A 2015 research demo that turned into a product
Real-time 3D face tracking from webcam video, back when "real time" meant 5 fps.

What it does
4dface fits a 3D morphable face model to 2D video in real time — or what passed for real time in 2015. It tracks facial landmarks and reconstructs a textured 3D mesh you can save as OBJ. The app runs on live webcams or pre-recorded video, with keyboard controls for reset, quit, and mesh export.
The interesting bit
The project is essentially a demo rig for two of the author’s own libraries: eos (lightweight C++14 morphable model fitting) and superviseddescent (an optimisation method).
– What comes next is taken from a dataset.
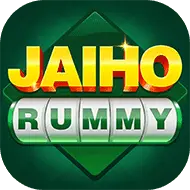 Jaiho Rummy – Earn Cash Rewards and Play Teen Patti with Real Money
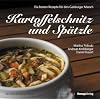 Kartoffelschnitz und Sp�tzle: Die besten Rezepte f�r den Gaisburger Marsch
The face model itself comes from academic CVSSP research and carries a non-commercial license — a reminder that “open source” and “free for any use” are different things.
Key highlights
- Builds on well-scoped, separately maintained libraries (
eos,superviseddescent) - Cross-platform: Linux (gcc-7+) and Windows (VS2017), with vcpkg support
- Saves reconstructed 3D meshes to OBJ format mid-stream
- Apache 2.0 code, though the 3D face model is non-commercial only
- Academic lineage: ICIP 2015 and VISAPP 2016 papers
Caveats
- The author explicitly notes this is a 2015/2016 research demo, not the current commercial product at 4dface.io
- “Real time” currently clocks around 5 fps due to recent additions
- Contains an older version of
eos; active development moved to the separate repo
Verdict
Worth a look if you’re studying 3DMM fitting or building on historical computer-vision baselines. Skip it if you need production face tracking — the maintained, improved version is commercial, and modern alternatives are faster out of the box.